++++ Material for this task
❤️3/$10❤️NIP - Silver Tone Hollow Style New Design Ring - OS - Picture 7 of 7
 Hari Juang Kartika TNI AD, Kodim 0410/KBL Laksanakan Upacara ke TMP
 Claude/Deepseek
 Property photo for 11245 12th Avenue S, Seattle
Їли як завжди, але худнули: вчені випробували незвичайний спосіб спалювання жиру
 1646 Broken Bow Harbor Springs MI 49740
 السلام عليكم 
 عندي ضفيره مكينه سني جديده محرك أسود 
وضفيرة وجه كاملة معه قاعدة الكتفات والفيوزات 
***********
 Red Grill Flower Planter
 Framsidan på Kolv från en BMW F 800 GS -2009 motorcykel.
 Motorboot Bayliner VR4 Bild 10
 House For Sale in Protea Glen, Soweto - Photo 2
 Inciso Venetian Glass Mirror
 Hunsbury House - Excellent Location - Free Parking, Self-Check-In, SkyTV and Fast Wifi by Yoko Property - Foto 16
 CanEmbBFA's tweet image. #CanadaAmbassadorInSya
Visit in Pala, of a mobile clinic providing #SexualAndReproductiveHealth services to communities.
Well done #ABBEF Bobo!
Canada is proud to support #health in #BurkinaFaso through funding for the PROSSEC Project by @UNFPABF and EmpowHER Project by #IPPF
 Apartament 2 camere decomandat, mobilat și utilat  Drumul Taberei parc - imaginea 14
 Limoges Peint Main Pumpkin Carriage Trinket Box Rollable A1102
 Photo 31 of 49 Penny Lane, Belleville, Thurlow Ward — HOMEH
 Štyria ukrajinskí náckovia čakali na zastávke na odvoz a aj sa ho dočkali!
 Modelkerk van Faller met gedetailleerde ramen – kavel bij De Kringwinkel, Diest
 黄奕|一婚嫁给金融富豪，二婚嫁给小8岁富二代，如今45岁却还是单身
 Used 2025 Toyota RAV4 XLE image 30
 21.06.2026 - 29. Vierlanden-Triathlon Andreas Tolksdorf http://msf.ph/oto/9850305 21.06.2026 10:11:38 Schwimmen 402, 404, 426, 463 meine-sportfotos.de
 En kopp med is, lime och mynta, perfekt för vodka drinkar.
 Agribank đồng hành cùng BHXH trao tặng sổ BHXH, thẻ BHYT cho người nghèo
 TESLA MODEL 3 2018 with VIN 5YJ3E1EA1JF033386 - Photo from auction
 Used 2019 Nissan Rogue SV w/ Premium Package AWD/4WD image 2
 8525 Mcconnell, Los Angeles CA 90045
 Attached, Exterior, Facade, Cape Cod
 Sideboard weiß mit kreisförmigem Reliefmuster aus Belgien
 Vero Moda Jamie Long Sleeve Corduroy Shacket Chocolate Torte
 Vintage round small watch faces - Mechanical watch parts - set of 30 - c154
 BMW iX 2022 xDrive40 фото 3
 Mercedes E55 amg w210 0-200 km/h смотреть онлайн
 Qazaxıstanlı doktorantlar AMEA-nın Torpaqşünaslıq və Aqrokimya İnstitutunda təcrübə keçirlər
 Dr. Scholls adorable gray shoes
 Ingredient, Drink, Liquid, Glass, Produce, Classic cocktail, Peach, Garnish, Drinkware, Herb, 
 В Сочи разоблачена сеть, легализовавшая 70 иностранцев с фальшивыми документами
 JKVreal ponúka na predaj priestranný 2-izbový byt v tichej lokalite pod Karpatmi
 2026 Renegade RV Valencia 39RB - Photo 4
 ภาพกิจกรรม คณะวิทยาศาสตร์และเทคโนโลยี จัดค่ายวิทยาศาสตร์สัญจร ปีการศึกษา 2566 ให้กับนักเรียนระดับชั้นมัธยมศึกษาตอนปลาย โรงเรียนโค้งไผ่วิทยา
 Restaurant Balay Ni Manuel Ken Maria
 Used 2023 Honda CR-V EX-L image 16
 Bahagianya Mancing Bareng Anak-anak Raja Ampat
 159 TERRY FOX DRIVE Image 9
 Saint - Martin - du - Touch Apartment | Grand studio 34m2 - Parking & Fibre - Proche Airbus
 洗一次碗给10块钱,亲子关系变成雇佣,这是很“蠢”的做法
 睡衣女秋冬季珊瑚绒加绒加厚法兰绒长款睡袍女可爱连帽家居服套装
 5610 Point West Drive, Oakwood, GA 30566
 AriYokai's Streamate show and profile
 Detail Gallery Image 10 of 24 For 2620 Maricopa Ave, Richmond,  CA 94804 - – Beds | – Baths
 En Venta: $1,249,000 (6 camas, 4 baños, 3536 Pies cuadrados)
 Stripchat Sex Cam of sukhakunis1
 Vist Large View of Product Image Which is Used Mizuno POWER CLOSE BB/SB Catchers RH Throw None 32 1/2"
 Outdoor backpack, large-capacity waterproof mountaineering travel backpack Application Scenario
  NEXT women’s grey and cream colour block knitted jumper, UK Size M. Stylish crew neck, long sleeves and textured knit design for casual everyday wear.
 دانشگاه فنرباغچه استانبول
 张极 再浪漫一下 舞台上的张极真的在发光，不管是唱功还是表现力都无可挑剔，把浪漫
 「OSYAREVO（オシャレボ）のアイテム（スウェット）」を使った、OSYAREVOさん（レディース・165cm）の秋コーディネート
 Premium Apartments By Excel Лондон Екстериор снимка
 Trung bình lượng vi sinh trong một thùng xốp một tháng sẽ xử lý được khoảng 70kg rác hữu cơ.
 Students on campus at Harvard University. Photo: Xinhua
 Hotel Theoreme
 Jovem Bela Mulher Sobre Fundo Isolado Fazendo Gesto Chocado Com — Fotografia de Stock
++++++++
■ What you should do
Whatever else the listing above holds, retype exactly only the lines from the one containing "عندي ضفيره مكينه سني جديده محرك أسود" to the one containing "Inciso Venetian Glass Mirror", both ends kept.

■ Completed exercise
 عندي ضفيره مكينه سني جديده محرك أسود 
وضفيرة وجه كاملة معه قاعدة الكتفات والفيوزات 
***********
 Red Grill Flower Planter
 Framsidan på Kolv från en BMW F 800 GS -2009 motorcykel.
 Motorboot Bayliner VR4 Bild 10
 House For Sale in Protea Glen, Soweto - Photo 2
 Inciso Venetian Glass Mirror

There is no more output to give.